Music Publishers, With Help From Rightscorp, Test Legal Theory That DMCA Requires Kicking Repeat Infringers Off The Internet
from the this-ought-to-get-interesting dept
Late Wednesday evening before Thanksgiving, two music publishers, BMG and Round Hill Music, who are partners of struggling copyright trolling operation Rightscorp, sued the ISP Cox, testing out the theory that (1) the DMCA requires ISPs to kick "repeat infringers" offline entirely and (2) that notices from Rightscorp suffice to prove that one is a repeat infringer. You can read the complaint here [pdf or embedded below].There's a lot of background here to unpack -- very little of which made it into the WSJ's initial coverage of this story. First off, it's true that the DMCA safe harbors include a requirement of a "repeat infringer" termination policy in 512(i). Furthermore, for years, the RIAA and its friends have insisted that 512(i) means that ISPs need to boot people off the internet entirely. After the RIAA, MPAA and five top ISPs agreed to the "voluntary" six strikes program, in which the ISPs insisted that it wouldn't kick anyone off the internet for file sharing, the RIAA started telling people that even when ISPs said that, 512(i) would require ISPs to kick users offline anyway.

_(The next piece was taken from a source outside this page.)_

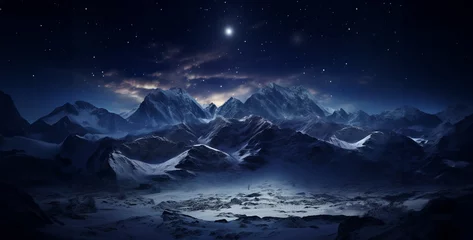 Fototapeten stunning view with snowy mountains starry dark, Mountain landscape with snow and stars.Snowy mountains at night with starry sky. © Kashif Ali 72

However, that hadn't been tested in court. There had been some thinking that the RIAA and associated labels would likely wait until they had enough examples of individuals hitting all "six strikes" and still having an account before testing out this legal theory -- but it looks like Rightscorp's friends are jumping the gun. If it succeeds, then the legacy copyright players will have a massive new weapon in their arsenal: a digital guillotine that would allow them to pressure ISPs to kick people entirely off the internet for a few simple infringements.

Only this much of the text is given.